Transcribe the records below from the first line to the line that includes "Meridian - One", inclusive, and omit the pictures.

Short descriptive text snippets:
______________________________

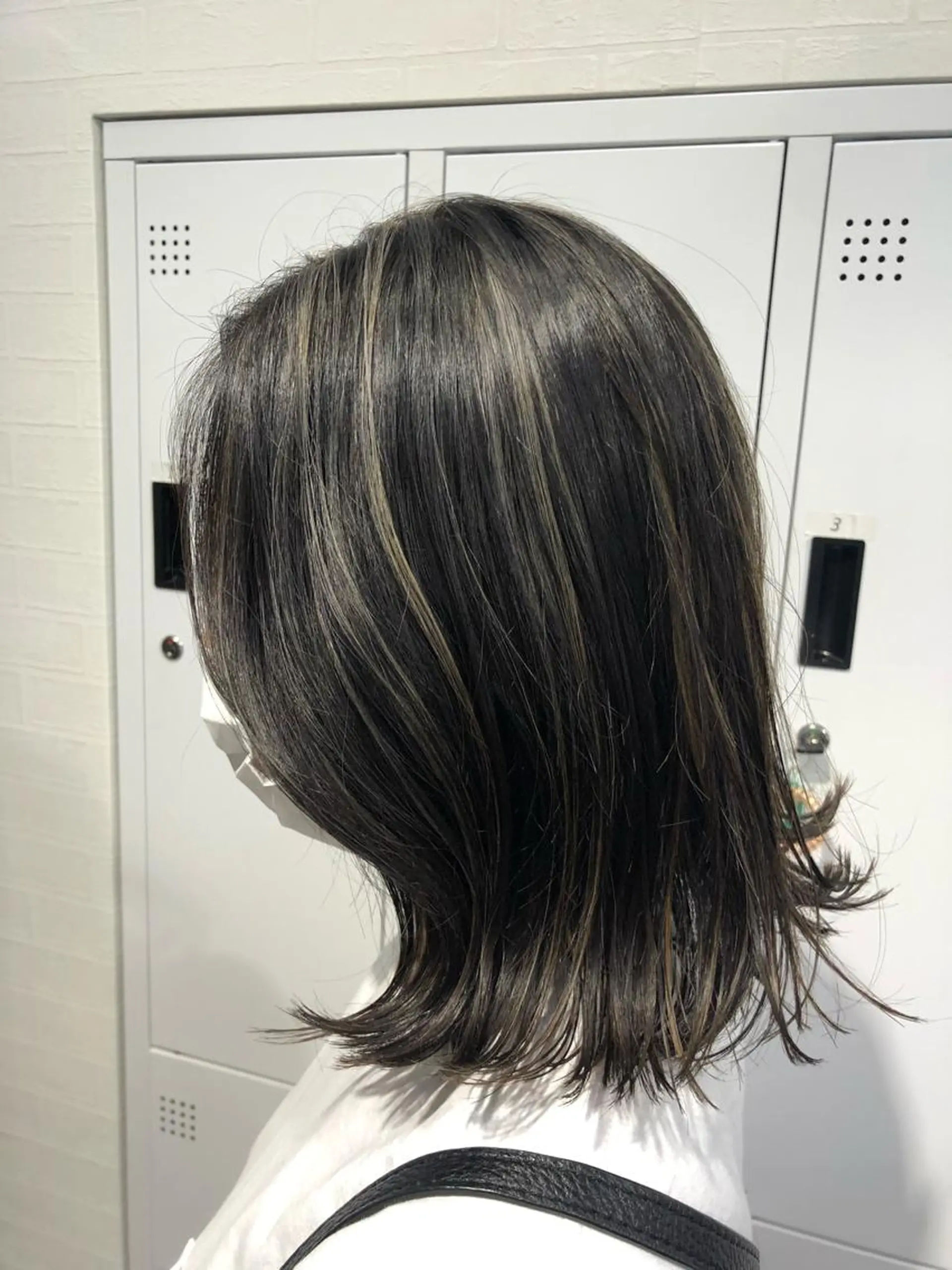 ミディアム ハイライト ヘアカラー 髪質改善ストレートo rメンズスタイル今岡のヘアスタイル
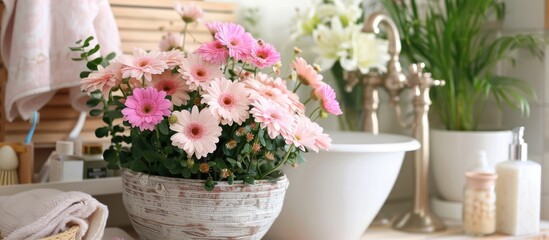Fototapeta na wymiar Bathroom Decorated with Fresh Flowers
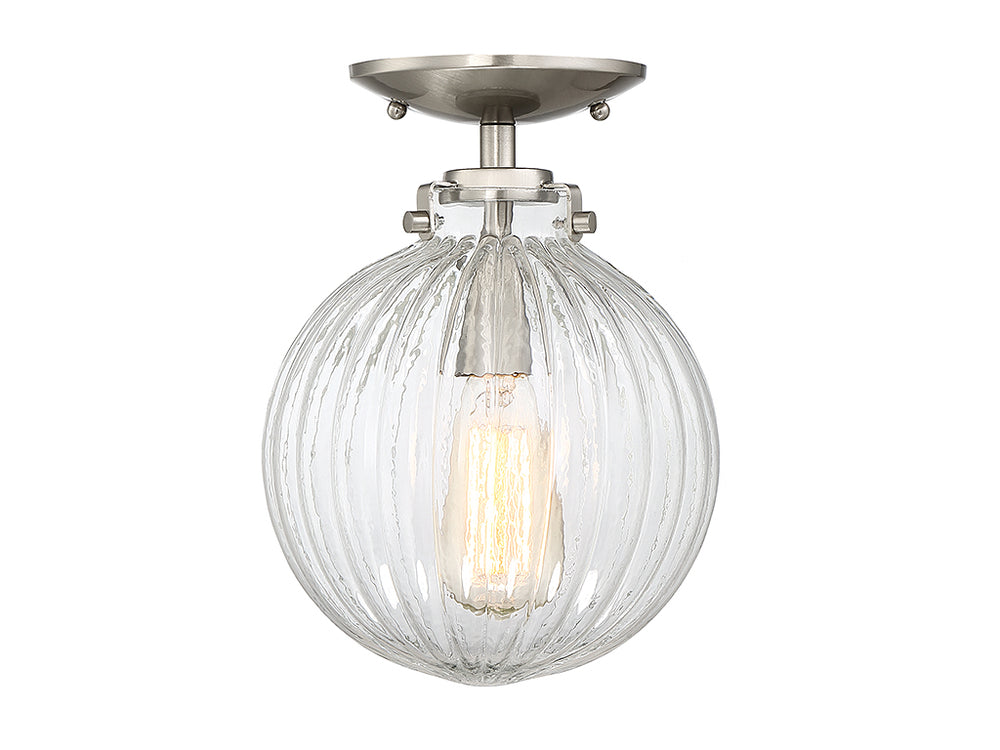 Meridian - One Light Semi-Flush Mount - Msemi - Brushed Nickel- Union Lighting Luminaires Decor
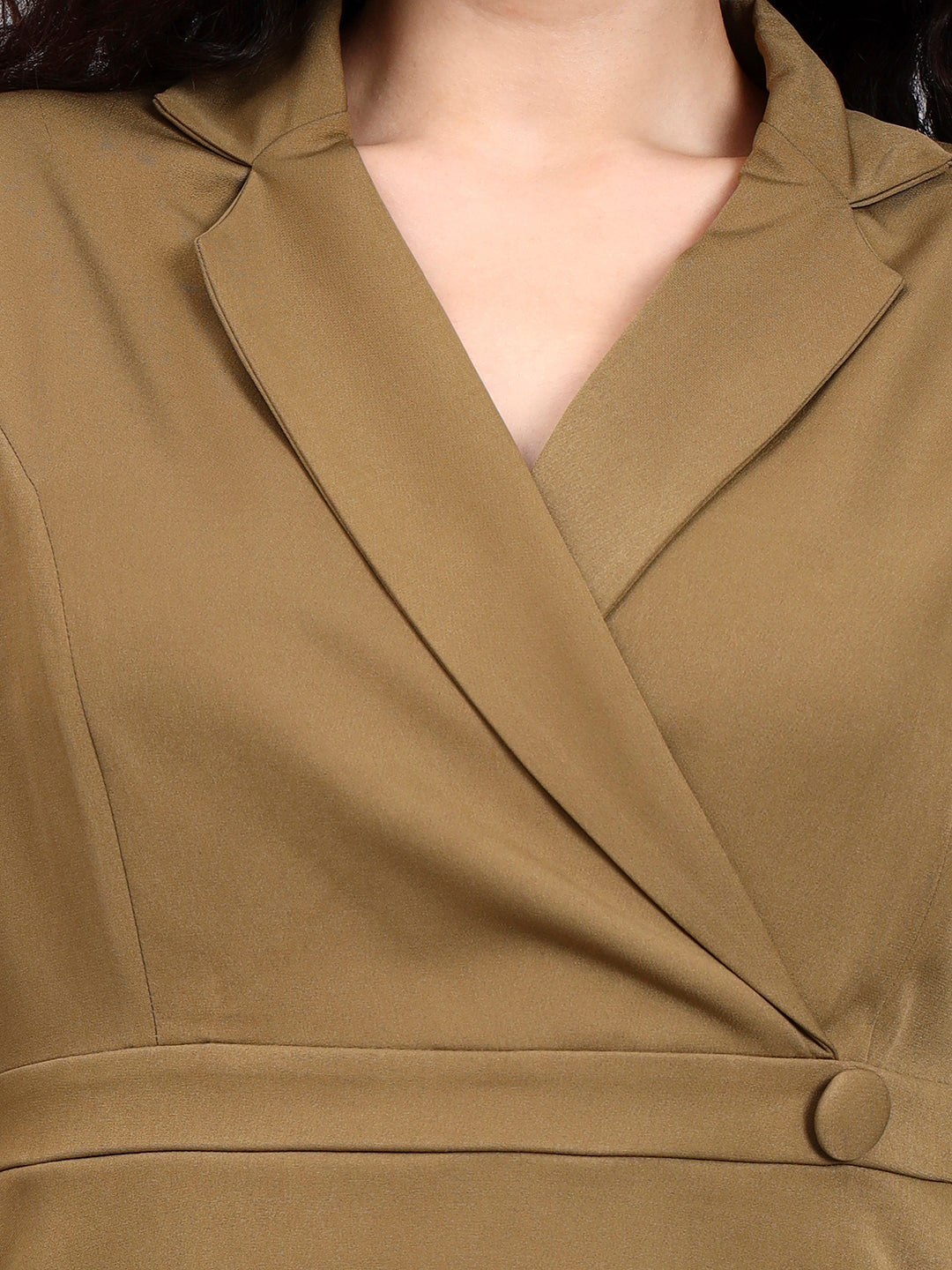 Powersutra Power Dressing Willow Green Co-Ord Set Wrap Top With Straight Trousers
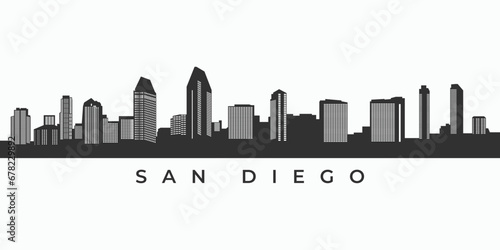 San diego city skyline silhouette. California skyscraper high building in united states of america photo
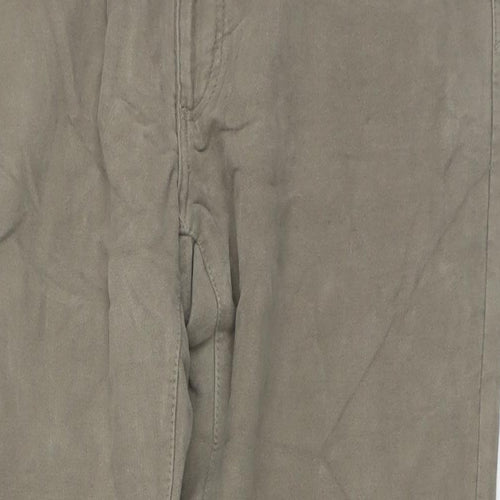 Marks and Spencer Mens Beige Cotton Trousers Size 40 in L29 in Regular Zip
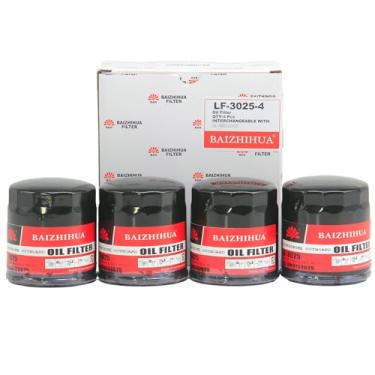 Imagem de BAIZHIHUA 35-8M0123025 Pacote com 4 filtros de óleo de substituição 8M0123025 compatível com Mercury Mercruiser Quicksilver Mariner 175HP 200HP 225HP 250HP 275HP 300HP 450HP V6 V8 (LF-3025) Motor de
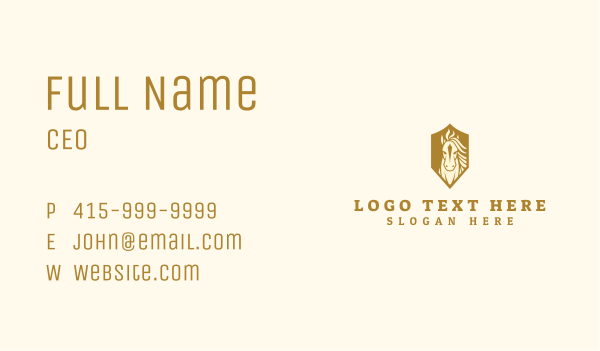 Equine Horse Shield Business Card Design Image Preview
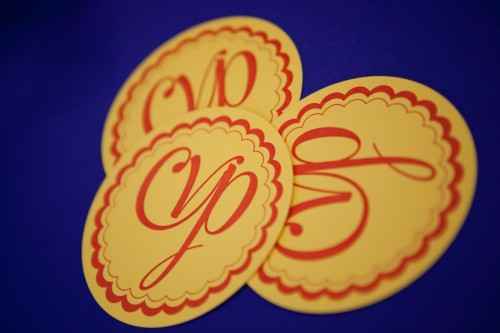 kids birthday party yellow and red coasters
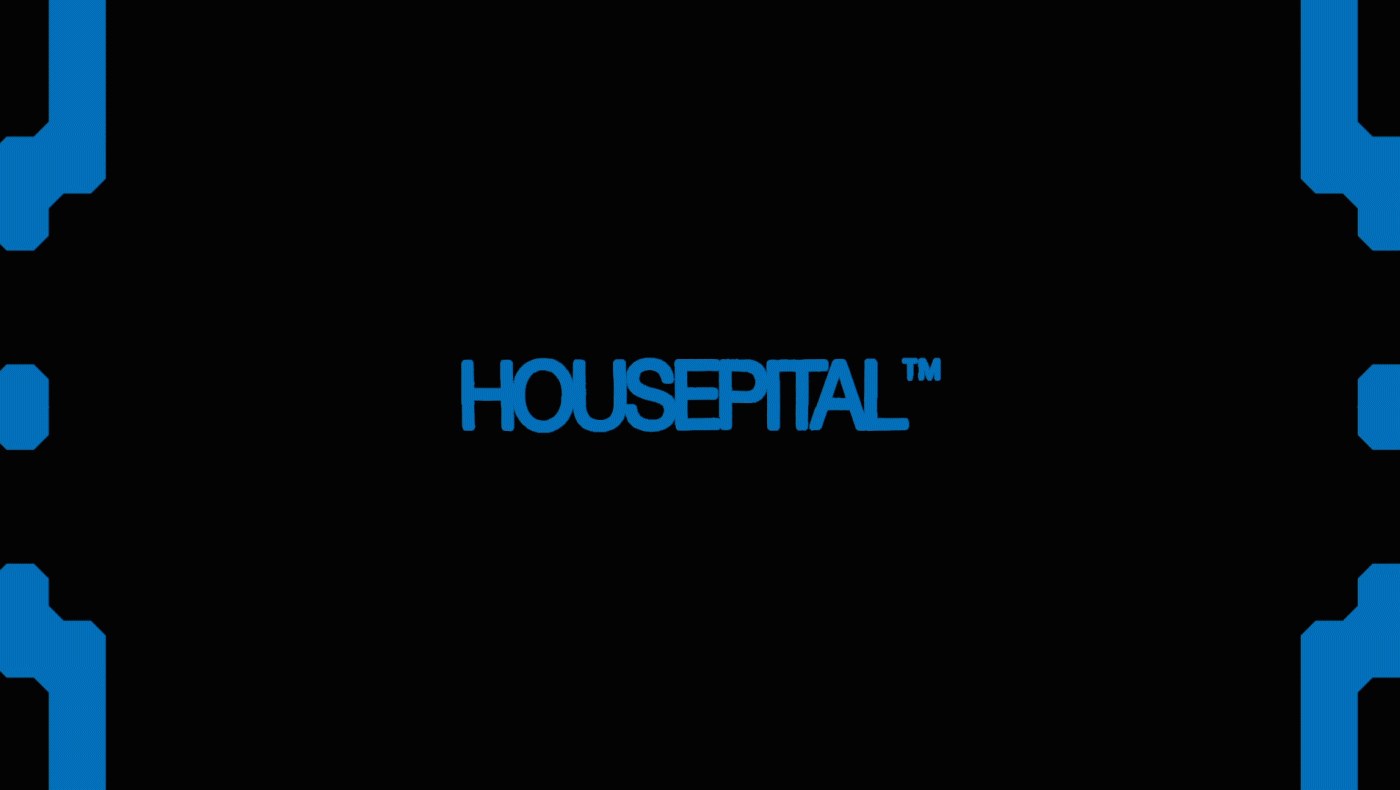 Dark telemetry framing HUD brackets with blue corner marks for Housepital event branding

______________________________

* Written response
 ミディアム ハイライト ヘアカラー 髪質改善ストレートo rメンズスタイル今岡のヘアスタイル
Fototapeta na wymiar Bathroom Decorated with Fresh Flowers
 Meridian - One Light Semi-Flush Mount - Msemi - Brushed Nickel- Union Lighting Luminaires Decor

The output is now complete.